Linda W. v. Indiana Department of Education

927 F. Supp. 303, 1996 U.S. Dist. LEXIS 7441, 1996 WL 288454
CourtDistrict Court, N.D. Indiana
DecidedMarch 27, 1996
Docket3:94-cv-00268
StatusPublished
Cited by7 cases

This text of 927 F. Supp. 303 (Linda W. v. Indiana Department of Education) is published on Counsel Stack Legal Research, covering District Court, N.D. Indiana primary law. Counsel Stack provides free access to over 12 million legal documents including statutes, case law, regulations, and constitutions.

Bluebook
Linda W. v. Indiana Department of Education, 927 F. Supp. 303, 1996 U.S. Dist. LEXIS 7441, 1996 WL 288454 (N.D. Ind. 1996).

Opinion

MEMORANDUM AND ORDER

MILLER, District Judge.

This cause comes before the court on the motion of all the defendants 1 to either dismiss for want of subject matter jurisdiction pursuant to Fed.R.Civ.P. 12(b)(1), or for summary judgment pursuant to Fed.R.Civ.P. 56. The plaintiffs have filed a motion to strike the defendants’ opening brief, arguing that its exceeded the 25-page limit imposed by the local rules without first seeking leave of court. Since the brief otherwise complied with the local rules governing briefs in excess of 25 pages, and because the defendants filed a belated motion for leave, the court grants the defendants’ belated motion for leave to file an oversize brief and denies the plaintiffs’ motion to strike. For the reasons stated in this memorandum and order, the court denies the defendants’ motion for either a dismissal or for summary judgment.

Linda W., Eric W. and Steven V.D. bring this suit under the Individuals with Disabilities Education Act, 20 U.S.C. § 1400 et seq. (the “IDEA”), contending, among other things, that the individual education program provided for their son, 2 Ryan V.D., is legally inadequate. Ryan has dyslexia.

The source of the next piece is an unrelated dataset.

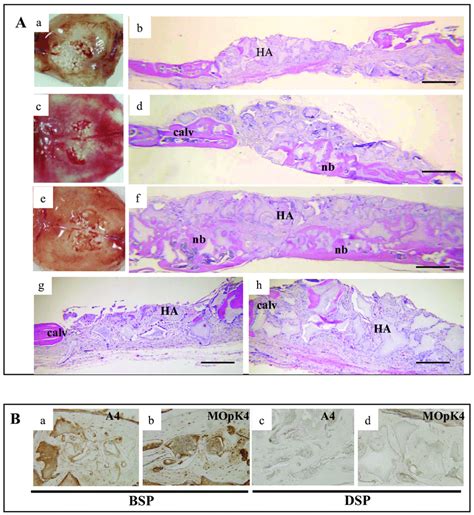 Bone Formation Months After Implantation Of Progenitors In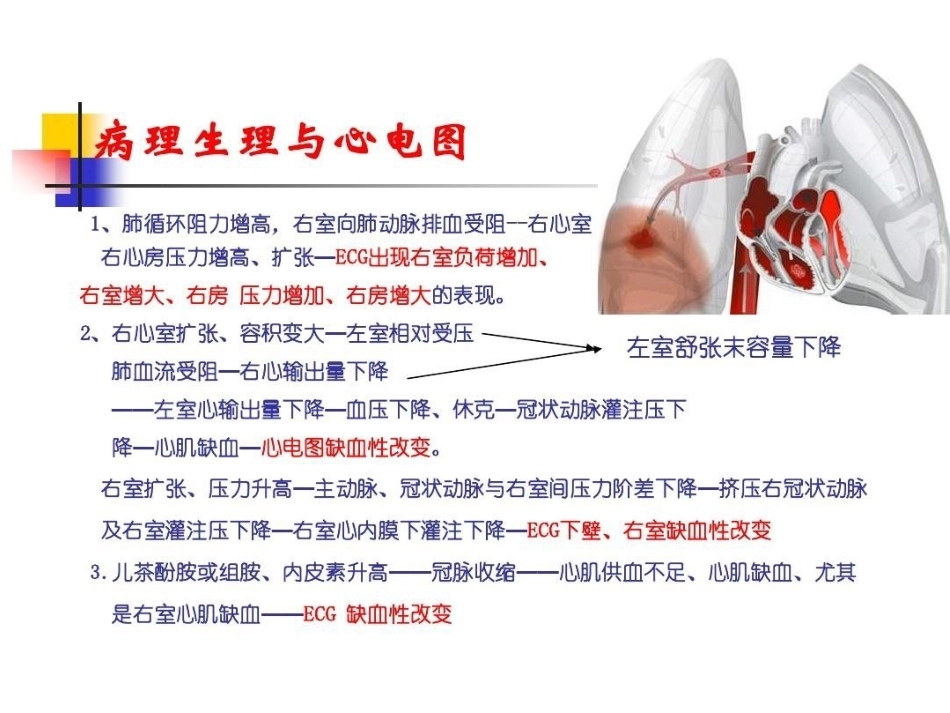 肺栓塞的ECG改变_第8页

The plaintiffs seek review of several administrative decisions, and request compensation for their expenses incurred for Ryan’s education and for attorneys’ fees. Before bringing this suit, the parties engaged in an extensive administrative process, including two hearings and two appeals to the Indiana Board of Special Education Appeals. In this motion, the defendants contend, apparently for the first time, that this suit should not have been brought, either in this court or in the administrative proceedings, against defendants Mishawaka-Penn-Harris-Madison Joint Services (“MPHM Joint Services”) and the Board of Education of School City of Mishawaka (“Mishawaka School City”), since Ryan’s “legal settlement,” as Indiana law defines that term, is not within the confines of Mishawaka School City. Because this is so, the defendants claim: (1) the court lacks subject matter jurisdiction over the case; and/or (2) summary judgment is warranted.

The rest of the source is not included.